Cellier packed her formula with Indian tuberose absolute, which gives it huge power and “sillage” (the olfactory trail). Like all good perfumers, she was an illusionist. To achieve an even more lifelike, more raw tuberose (this flower smells of armpit, flesh and decay due to heavy molecules called indoles; jasmine is similarly loaded with them), she used an even larger quantity of Tunisian orange blossom absolute, plus some astronomically expensive French jasmine and Italian iris root butter. Add natural violet leaf to give the sweet, heavy scent a refreshingly harsh, wet green aspect, iris for a woody depth, synthetic civet (the smell of unwashed construction worker) for power, the synthetics C18 for an unctuous, milky, soft tropical quality and methyl anthranilate for fizz. The result is a signature, a persistence on skin, and a diffusion that are – all three – astonishing.'

Then for some years it became almost unobtainable;  the only source was the Profumeria Inglese in via Tornabuoni and the price became ever more astronomical.  It was a good thing so little was needed because I only ever was given it at Christmas.  In the '90s  it reappeared elsewhere again and became newly fashionable.  But the packaging is black now, not pink, and I'm not sure it's quite what it was.  But perhaps it's me, not quite what I was.

4 comments:

Odin's Raven said...

Dare one enquire why women want to smell like a brawl?

Sen. C.R.O'Blene said...

But this is a great story Hats.

I can still smell the paella restaurant from my first ever holiday in Spain, or my daughters' hair from a quite a few years back!

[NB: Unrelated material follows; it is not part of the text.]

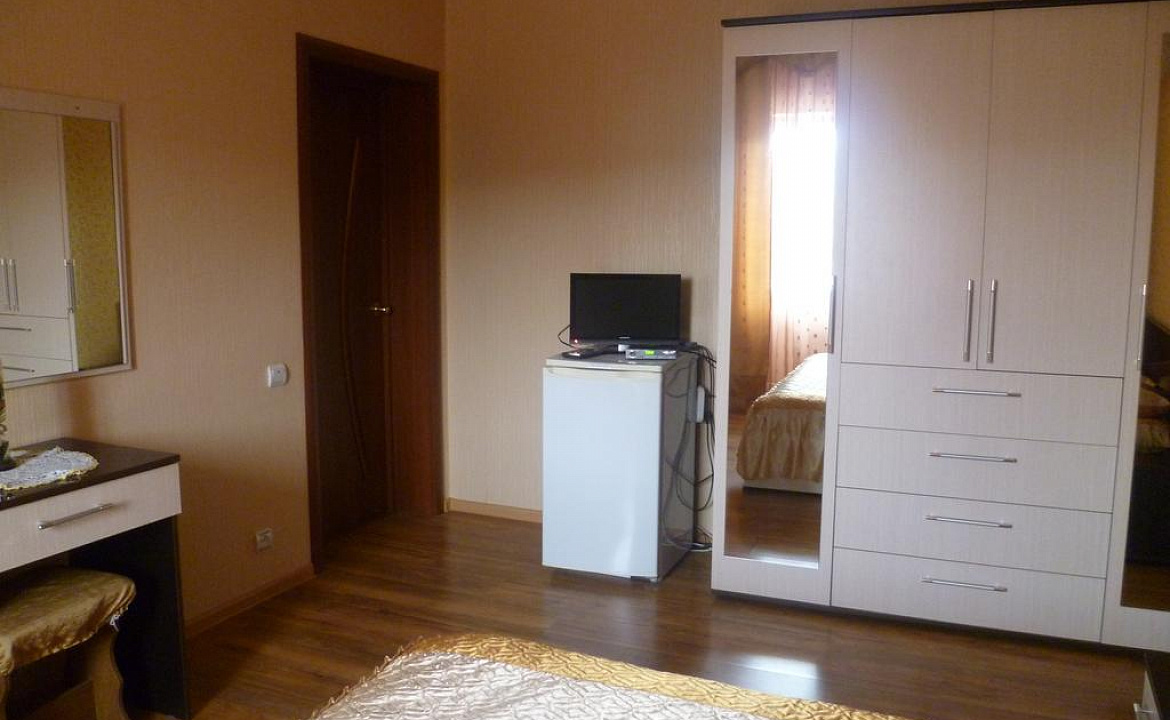 Двухкомнатный с балконом . Гостевой дом У Наталии . Джубга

My sister gave me a sample bottle of cologne in 1970, and I still have it - still half full, and now with an unreadable label. I'm still convinced it helped to ensnare Mrs S...

A few years back, just before Christmas, I was wandering along Oxford Street, and just inside Selfridges, I was accosted by a beautiful lady who persuaded me to accept a squirt of 'Farenheit'.

Hooked was I from then on, and that very first evening, the Girls' Headmistress gave me a huge smacker at the Parents' bash and said I smelled nice...

Not up to the high echelons of your superb perfume maybe, but evocative, discreet and instantly recognisable in the 'Turrets'!

hatfield girl said...

No, Raven. Don't smell like a brawl, she added sulkily. Smell lovely.

hatfield girl said...

The whole Turrets will be imbued with subtle undertones, strokes even, of Scrobs, and all the better for it, Scrobs.

Piguet may not care for the endorsement but the small HGs tell me that Fracas is the scent of mamma, and easily the safest scent ever.